PyLong_FromString(): Continued fraction analysis (explained in

a new comment) suggests there are almost certainly large input integers in all non-binary input bases for which one Python digit too few is initally allocated to hold the final result. Instead of assert-failing when that happens, allocate more space. Alas, I estimate it would take a few days to find a specific such case, so this isn't backed up by a new test (not to mention that such a case may take hours to run, since conversion time is quadratic in the number of digits, and preliminary attempts suggested that the smallest such inputs contain at least a million digits).
2006-05-30 15:53:34 +00:00 · 2006-05-30 15:53:34 +00:00 · 9faa3eda6b
parent 69fe4055a3
commit 9faa3eda6b
1 changed files with 74 additions and 3 deletions
--- a/Objects/longobject.c
+++ b/Objects/longobject.c
@ -1509,6 +1509,57 @@ convmultmax_base[base], the result is "simply"
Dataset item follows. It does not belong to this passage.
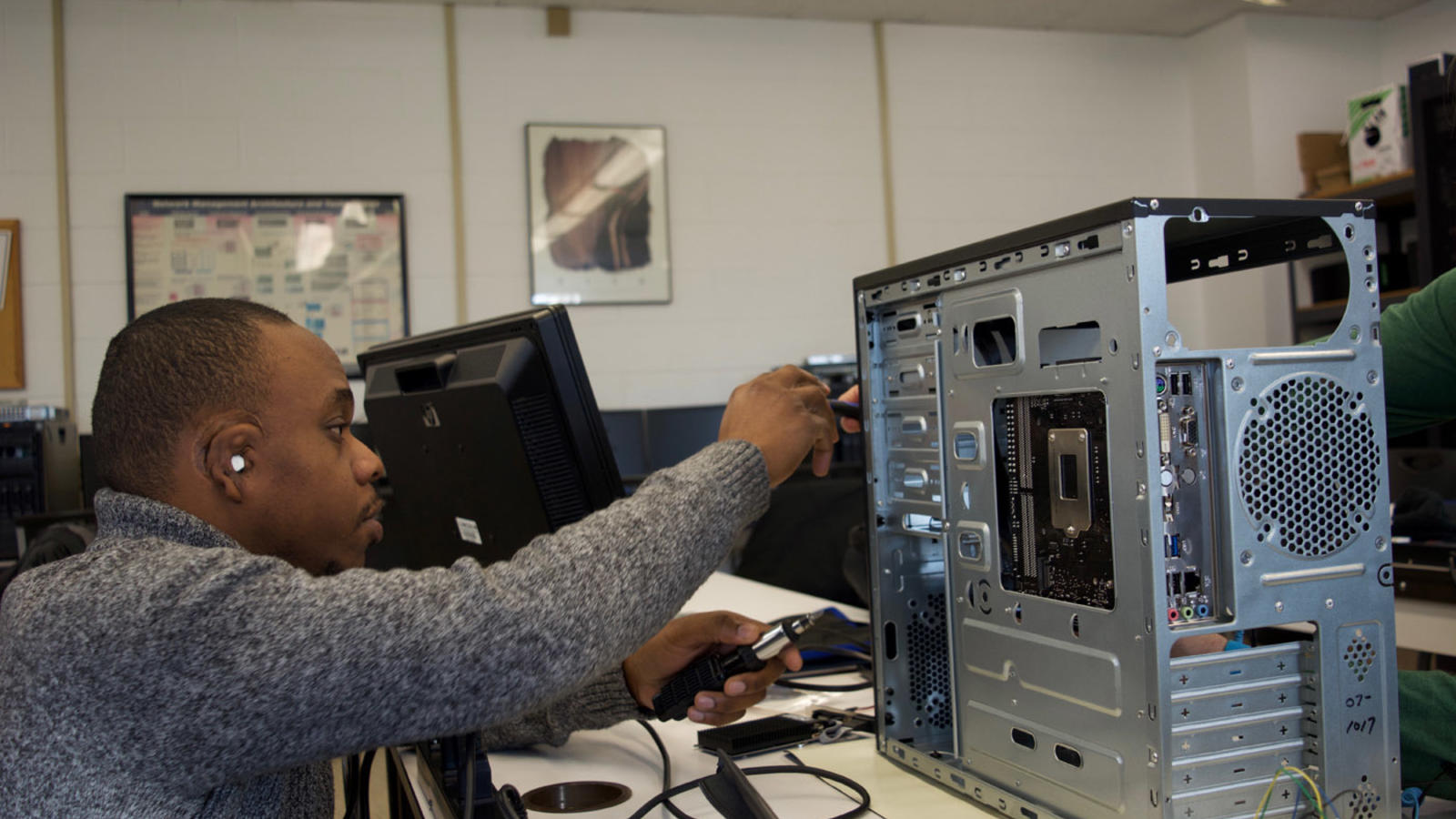 A CNST student troubleshoots a desktop tower system.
   (((c0*B + c1)*B + c2)*B + c3)*B + ... ))) + c_n-1

 where B = convmultmax_base[base].
+
+Error analysis:  as above, the number of Python digits `n` needed is worst-
+case
+
+    n >= N * log(B)/log(BASE)
+
+where `N` is the number of input digits in base `B`.  This is computed via
+
+    size_z = (Py_ssize_t)((scan - str) * log_base_BASE[base]) + 1;
+
+below.  Two numeric concerns are how much space this can waste, and whether
+the computed result can be too small.  To be concrete, assume BASE = 2**15,
+which is the default (and it's unlikely anyone changes that).
+
+Waste isn't a problem:  provided the first input digit isn't 0, the difference
+between the worst-case input with N digits and the smallest input with N
+digits is about a factor of B, but B is small compared to BASE so at most
+one allocated Python digit can remain unused on that count.  If
+N*log(B)/log(BASE) is mathematically an exact integer, then truncating that
+and adding 1 returns a result 1 larger than necessary.  However, that can't
+happen:  whenever B is a power of 2, long_from_binary_base() is called
+instead, and it's impossible for B**i to be an integer power of 2**15 when
+B is not a power of 2 (i.e., it's impossible for N*log(B)/log(BASE) to be
+an exact integer when B is not a power of 2, since B**i has a prime factor
+other than 2 in that case, but (2**15)**j's only prime factor is 2).
+
+The computed result can be too small if the true value of N*log(B)/log(BASE)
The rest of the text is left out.